Several years ago I took note of how valuable the original owner's manuals and 3rd party books are to owning, operating, and reminiscing-about a classic computer is. The manuals often go into detail about the finer points of firmware operation, like editing functions or the options on a command or its range. They also help you determine if a system is working correctly or not. They are the repository and memory aids for information you may have forgotten over the years.
In thinking about the Apple II I found/find great comfort in the "book's voice" which talks to me the same way as it did when I was in grade school. The author's tutoring voice.
I love the Apple II manuals published by Apple. Feels like there's an instructor right beside you. Information contained in them is suitable for a beginner and at the same time is a good reference for developers in some cases. They have register listings, monitor listings, example code, and well phrased lectures.
When I got my Apple II+ it came with something like 800 pages of information spread across 4 or 5 manuals. It was the Family System, and it had a comprehensive "getting-started" guide that took you step-by-step for wiring everything up.

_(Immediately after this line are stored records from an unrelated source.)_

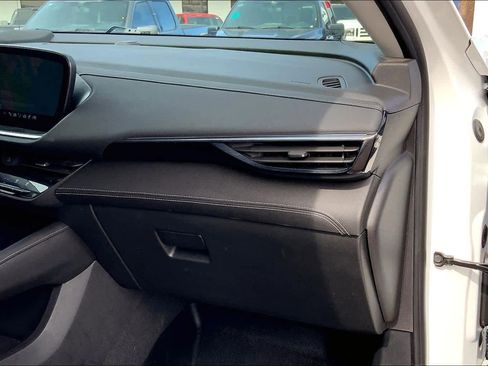 Used 2024 Buick Envision Preferred image 19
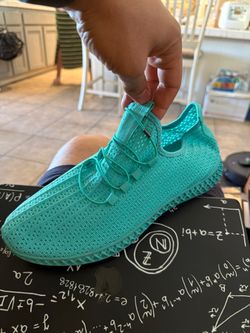 Brand New Aqua Water Shoes / Beach Shoes – Mint / Turquoise (Size 12” Insole)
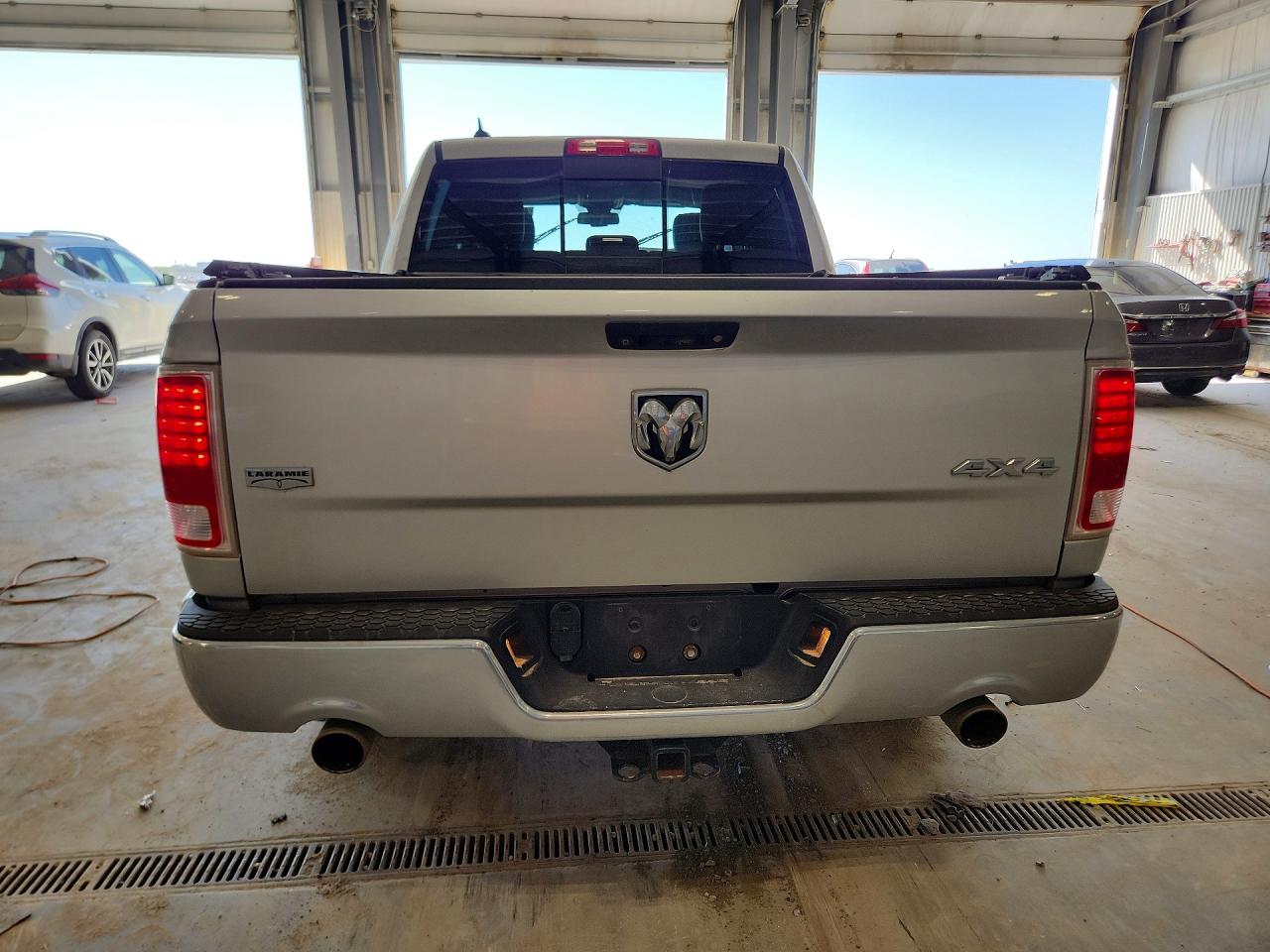2014 RAM 1500 LARAMIE photo 11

These manuals not only had rote procedures, they also described how the product worked in layman's terms. And to a kid that was fantastic. It set the framework, the groundwork, for further self-paced learning.
Today you struggle with online documentation, getting consistent and reliable access to it. With no guarantees it'll be there in the future. Let alone a 30 year future! Not to mention it's overly simplistic and tells you how to push a button by way of cryptic hieroglyphs.
In fact not too long ago, Adobe killed the on-screen help files of Acrobat X through their Adobe Help Center. One day I went to reference it, look something up, you know, and POOF!! It said the product was no longer supported. And the documentation was gone!
So immediately I restored from a backup and captured the help files and archived them away. And turned off the update process so they remain in-place for the future.